Create k8s/namespace.yaml:


apiVersion: v1
kind: Namespace
metadata:
  name: summarizer-agent

Apply it:

kubectl apply -f k8s/namespace.yaml
kubectl config set-context --current --namespace=summarizer-agent

Step 2: Set up Civo Object Store

Civo's Object Store is S3-compatible and simple to set up:

Create Object Store credentials:

In the Civo dashboard, go to Object Stores → Credentials
Click Create a new Credential
Note down your Access Key and Secret Key (you'll need these)

Create an Object Store instance:

Go to Object Stores → Create an Object Store
Name it summarizer-store
Select the same region as your cluster (e.g., lon1)
Click Create store

Create a bucket:

Click on your newly created Object Store instance
Click Create a new folder
Name it incoming-docs
Click Create folder

Your bucket URL will be like this: https://objectstore.lon1.civo.com/incoming-docs

Note: Replace lon1 with your actual region throughout this tutorial.

Step 3: Build the summarizer service (relaxAI)

This is our GPU-powered summarization engine, utilizing the relaxAI SDK.

Create summarizer/app.py:

# ============================================================
# 1. SETUP & CONFIGURATION
# Initializes FastAPI, loads API key, sets up relaxAI client,
# and defines request/response data models.
# ============================================================
from fastapi import FastAPI, HTTPException
from pydantic import BaseModel
from relaxAI import relaxAI
import os, json
from typing import List

app = FastAPI()

RELAXAI_API_KEY = os.getenv("RELAXAI_API_KEY")
client = relaxAI(api_key=RELAXAI_API_KEY) if RELAXAI_API_KEY else None

class SummarizeRequest(BaseModel):
    content: str
    filename: str

class SummarizeResponse(BaseModel):
    title: str
    summary: str
    keywords: List[str]
    word_count: int
    filename: str


# ============================================================
# 2. API ENDPOINTS
# Provides a health check endpoint and the main summarization route.
# ============================================================
@app.get("/health")
async def health():
    return {"status": "healthy", "relaxAI_configured": client is not None}

@app.post("/summarize", response_model=SummarizeResponse)
async def summarize(request: SummarizeRequest):
    if not client:
        raise HTTPException(status_code=500, detail="relaxAI API key not configured")

    # Limit content size to avoid token overflow
    content_preview = request.content[:8000]

    # Build summarization prompt for the model
    prompt = f"""
    Analyze the following document and provide a structured summary.

    Document: {request.filename}
    Content:
    {content_preview}

    Provide your response in this exact JSON format:
    {{
      "title": "Generated title for the document",
      "summary": "A concise 2-3 sentence summary",
      "keywords": ["keyword1", "keyword2", "keyword3"],
      "word_count": 
    }}

    Return ONLY the JSON.
    """


# ============================================================
    # 3. SUMMARIZATION LOGIC & ERROR HANDLING
    # Sends prompt to relaxAI, cleans the response, parses JSON,
    # and safely returns a validated structured summary.
# ============================================================
    try:
        chat_completion_response = client.chat.create_completion(
            messages=[
                {
                    "role": "system",
                    "content": "You are a document analysis expert.
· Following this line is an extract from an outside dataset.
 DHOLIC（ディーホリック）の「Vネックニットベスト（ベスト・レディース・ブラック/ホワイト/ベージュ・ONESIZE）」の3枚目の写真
Always respond with valid JSON only."
                },
                {
                    "role": "user",
                    "content": prompt
                }
            ],
            model="Llama-4-Maverick-17B-128E",
            temperature=0.3,
            max_tokens=500
        )

        # Extract raw AI response
        response_content = chat_completion_response.choices[0].message.content.strip()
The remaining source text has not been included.